La douleur du dollar
Ames prudes s'abstenir! Non seulement le sexe est omniprésent dans ce dernier roman de Zoé Valdès, mais en plus il l'est de manière crue, parfois obscène. Dans les vingt-cinq premières pages, l'héroïne, Cuca Martinez, manque de se faire violer avant d'assister malgré elle à deux scènes de sodomie et de cunnilingus. Pourtant, quelques fautes de goût mises à part, ce quatrième livre confirme le talent de la romancière cubaine, son sens inné du picaresque et son irrésistible gouaille.

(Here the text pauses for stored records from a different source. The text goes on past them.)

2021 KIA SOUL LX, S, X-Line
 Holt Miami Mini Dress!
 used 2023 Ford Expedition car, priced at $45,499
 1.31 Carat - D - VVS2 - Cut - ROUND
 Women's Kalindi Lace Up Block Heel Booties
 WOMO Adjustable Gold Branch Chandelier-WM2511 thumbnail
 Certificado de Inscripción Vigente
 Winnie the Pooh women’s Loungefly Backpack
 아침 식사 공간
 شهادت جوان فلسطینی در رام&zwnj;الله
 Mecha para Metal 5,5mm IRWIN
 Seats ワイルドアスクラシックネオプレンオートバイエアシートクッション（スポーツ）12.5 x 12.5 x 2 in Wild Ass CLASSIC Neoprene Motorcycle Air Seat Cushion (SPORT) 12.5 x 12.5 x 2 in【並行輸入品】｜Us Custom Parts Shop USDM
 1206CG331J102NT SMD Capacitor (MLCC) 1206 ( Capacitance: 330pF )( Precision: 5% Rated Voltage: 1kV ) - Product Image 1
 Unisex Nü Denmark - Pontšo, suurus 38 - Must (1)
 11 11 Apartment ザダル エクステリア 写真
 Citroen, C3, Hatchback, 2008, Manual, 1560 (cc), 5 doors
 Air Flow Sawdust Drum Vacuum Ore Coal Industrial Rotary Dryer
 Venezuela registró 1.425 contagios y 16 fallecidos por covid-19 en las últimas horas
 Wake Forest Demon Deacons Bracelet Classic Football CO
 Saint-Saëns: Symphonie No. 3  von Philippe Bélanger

Dans une Havane superbement décrite à coups de parfums et de couleurs, de danses moites et de regards échauffés, de voix alcoolisées et d'effluves de viande de porc rôtie, Cuca Martinez est l'une de ces nombreuses jeunes paysannes sans le sou venues tenter leur chance. En fait de glamour et d'amour, elle finit, comme les autres, bonne à tout faire. Jusqu'au jour où l'homme de sa vie apparaît, «l'haleine chargée d'un relent de dent cariée mélangé à une odeur d'oignon». Quant à ses yeux, ils sont «aussi clairs que le ciel, que n'importe quel ciel, on ne va pas se mettre à décrire un ciel spécifique». Bien des années plus tard, ce même homme la quitte alors qu'elle est enceinte et lui glissant un billet d'un dollar dans la main... On le voit, Zoé Valdès manie la dérision avec bonheur, y compris quand elle décrit, plus gravement, la pénurie, les tickets de rationnement, le marché noir et, en guise de seul bien, une certaine dignité, même si, souligne-t-elle, «la dignité ne se mange pas».